Franklin County Jail

The quiet, almost bored expression on Michael McKee’s face as deputies searched him and walked him through booking has become the defining image of a double murder case that already felt surreal. The Chicago vascular surgeon is accused of killing his ex-wife, dentist Monique Tepe, and her husband, dentist Spencer Tepe, in their Columbus home, yet the man in the video barely blinks as the system closes in.
For investigators and the public, that flat affect is now part of the story, sitting alongside a trail of weapons, a cross-state manhunt, and a stack of aggravated murder counts that could keep McKee in prison for life if a jury convicts him.
The emotionless booking video and a surgeon under scrutiny
In the jail surveillance footage, Michael McKee stands in a stark processing room, hands cuffed, while officers methodically search his clothes and guide him through the intake routine. According to reporting on the clip, he shows virtually no emotion throughout the pat-down, fingerprinting, and photography, his face set in the same neutral stare as he is formally booked on charges in the deaths of his ex-wife Monique Tepe and her husband Spencer. That lack of visible reaction, captured as he is processed before 4 p.m. on a January afternoon, has fueled public fascination with a man who once held patients’ lives in his hands and is now accused of ending two others in cold blood, a moment detailed in coverage of his booking video.

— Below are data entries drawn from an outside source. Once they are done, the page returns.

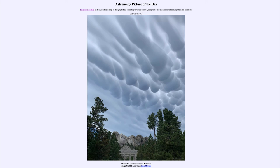They are actually very, very large clouds — each of those individual lobes being nearly half a mile across. One of the things that differentiates these from many other clouds is that most clouds are formed by rising air: as the air rises and cools it forms clouds. These ones, however, are actually formed by sinking air, and that difference in mechanism gives them their distinctive appearance.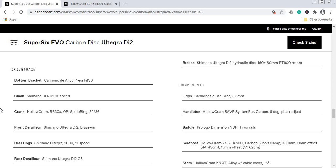The crankset is Cannondale's own Hollogram crankset, BB30 press-fit standard, and this is a 52/36 crankset. This Hollogram crankset from Cannondale is a superb crankset—make no mistakes. It's on the same level as Shimano's Ultegra crankset and is usually much lighter than offerings from SRAM or Shimano. Top choice, no problems here.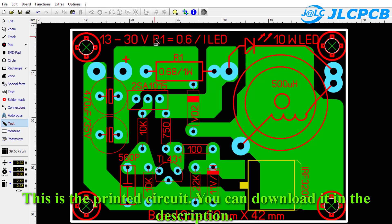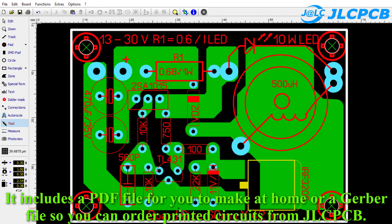This is the printed circuit board. You can download it in the description. It includes a PDF file for you to make at home, or a Gerber file so you can order printed circuits from JLCPCB.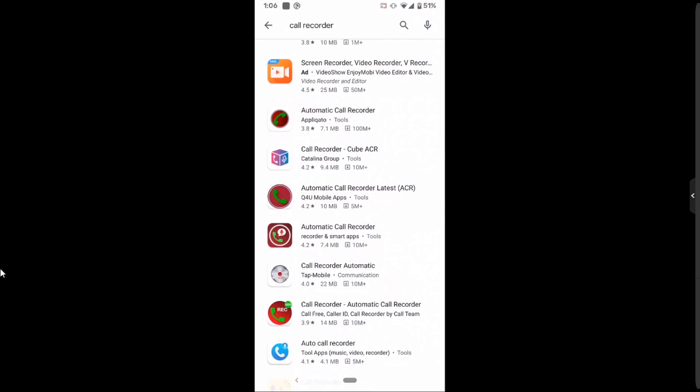Both of these use accessibility features. Accessibility features are supposed to be used only to assist the blind, but these apps use it to record voice calls as a workaround. So we don't know how long these apps will be there in Google Play Store.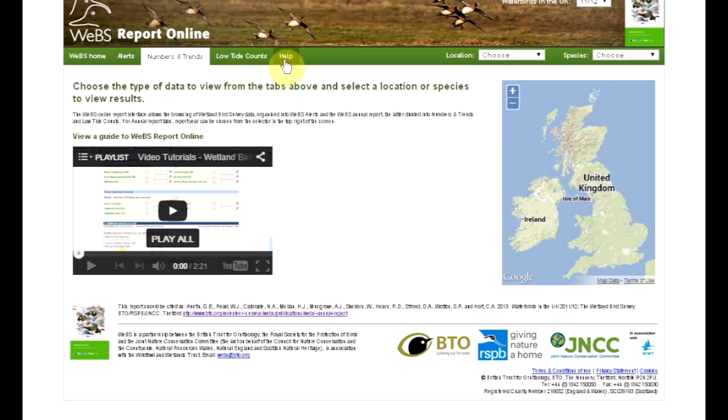The Help tab has more information about each of the three reporting tabs, plus detailed tutorials, but for now we'll be looking at the Numbers and Trends tab.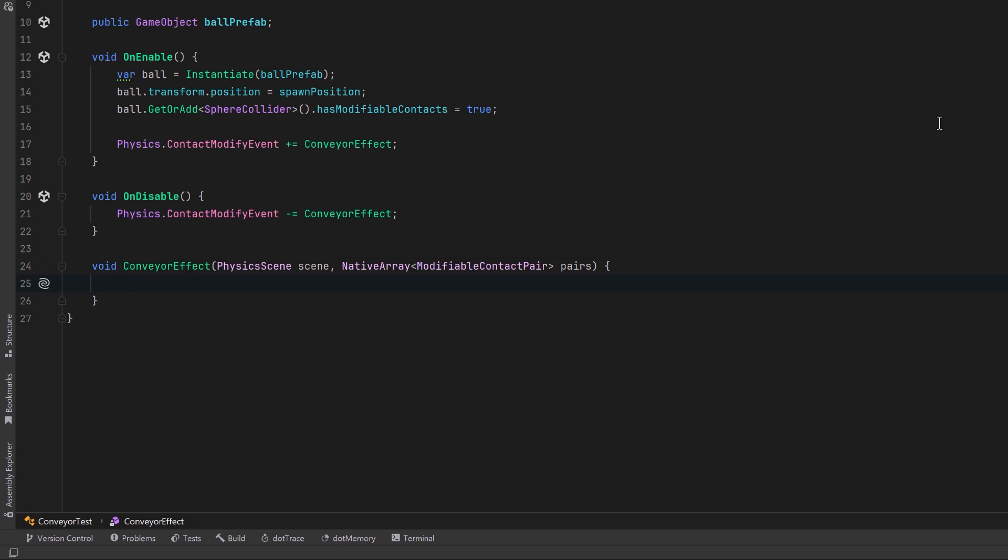Now we can write a delegate for Unity's contact modify event. Unity calls this during the contact resolution phase of the physics step before a normal collision response happens. This will bring in two arguments. The first one is the physics scene. In most cases, if you're using the default scene, this can just be ignored, but it might be useful if you're running physics manually, or potentially even handling multiple worlds. The other one is a thread-safe performance-optimized array containing all the contact pairs that you're allowed to modify.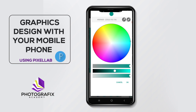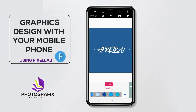If you still want to choose more colors, you can click here and it will show you more color options. You could choose from there, or if you have a color code, you can enter it and choose any color that you want.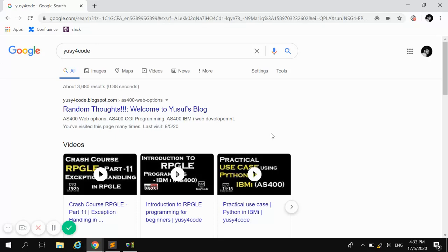Hello friends, Jusuf here. Welcome to another RPG video. A few days ago, one of our friends asked me to do a video about handling quotation marks in RPG. Sometimes when we want to execute a CL command in RPG, that CL command itself will have single quotes inside. When we are doing string concatenation, we may run into issues on how to make that work, so today we're going to see how we can do it easily.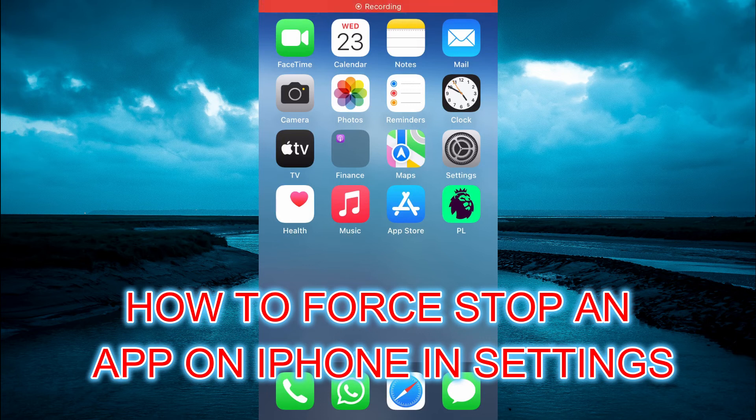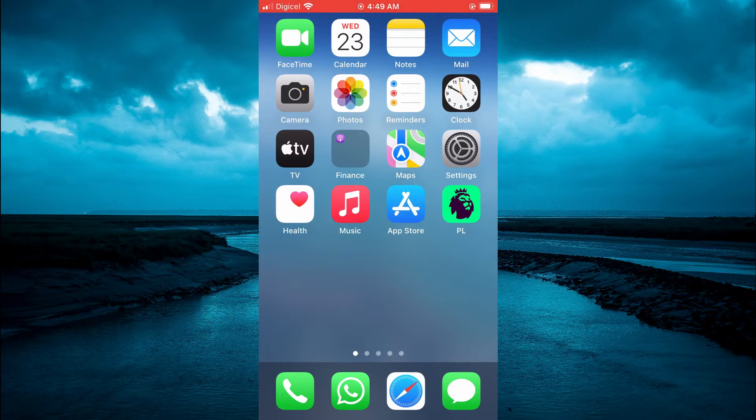Hello, in this tutorial I'll be showing you how to force stop an app on iPhone in settings.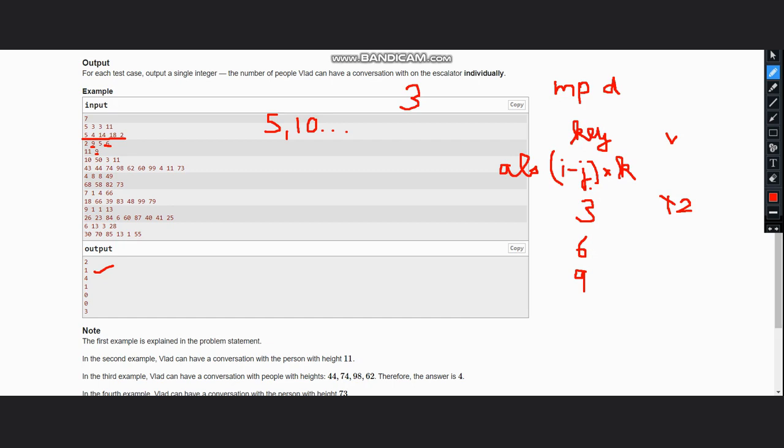At last you can take the difference of h and h_i, the absolute difference. After taking this absolute difference, just check whether this lies in this dictionary or not, whether this is there as a key in the dictionary or not. If it is yes, you can increment answer by 1, else you don't do anything. This is the solution. So I hope you all have understood.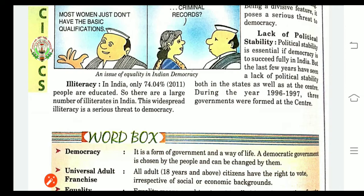Last is lack of political stability. Political stability is essential if democracy is to succeed fully in India. Stability means the state or quality of being steady — something that will not change. But in recent years we have seen a lack of political stability both in the states and at the center. During the years 1967 to 1997, three governments were formed at the center, showing how political stability is not there.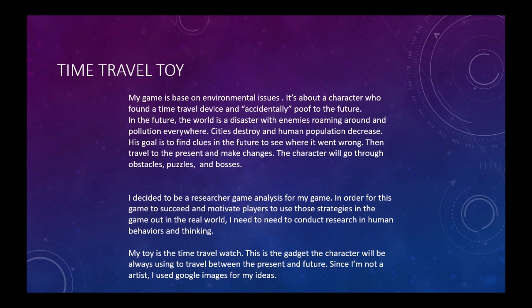The character will go through obstacles, puzzles, and bosses. I decided to do a research game analysis for my game. In order for this game to succeed and motivate players to use those strategies out in the real world, I need to conduct research in human behaviors and thinking.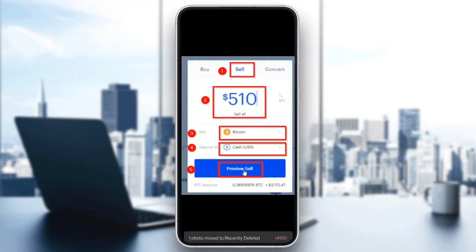After opening USDT, it will open a new menu where you have the option to either buy more or sell. Click on Sell at the top of the page. You'll be able to enter how much you want to sell and select what to deposit it to — you can select cash. Make sure USDT is selected, then click on the Preview Sell button. After that, confirm the selling and you will successfully withdraw USDT to your cash account.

The same calm demeanor appears in other accounts of his early custody, including descriptions of McKee as “unfazed” while deputies move him through the process and inventory his belongings. That impression lines up with a separate look at the footage that highlights how he barely reacts even as officers handle him and document the charges accusing him of gunning down Monique Tempe and Spencer Tepe inside their Columbus home, a scene referenced in a report on the unfazed booking. For viewers, the contrast is jarring: a man who allegedly carried out a brutal attack now standing almost motionless as the justice system starts to catalog every detail of his life.
From Lincoln Park surgeon to Ohio murder suspect
Before his name was tied to a double homicide, McKee was known as a vascular surgeon living in Chicago’s Lincoln Park neighborhood, a specialist whose work focused on delicate blood vessel procedures. That professional identity shattered after investigators in Ohio linked him to the killings of Monique Tepe and Spencer Tepe, who were found shot to death in their Columbus home, and secured an indictment charging him with multiple counts of aggravated murder and one count of aggravated burglary, as outlined in a report on the Chicago surgeon. Authorities say the victims, both dentists, were targeted in their own house, turning what should have been a quiet residential address into a crime scene that immediately drew attention across state lines.
McKee’s path from Illinois operating rooms to an Ohio jail cell moved quickly once detectives began piecing together evidence. Earlier this year, he was arrested in Illinois and appeared in a courtroom there as a vascular surgeon accused of killing his ex-wife and her current husband, a moment captured in a televised hearing that introduced him to the public as a murder suspect rather than a physician, as seen in an Illinois court appearance. After his extradition to Ohio, prosecutors laid out a slate of accusations that include four counts of aggravated murder tied to the deaths of Monique Tepe and Spencer, a detail highlighted in coverage of the aggravated murder counts.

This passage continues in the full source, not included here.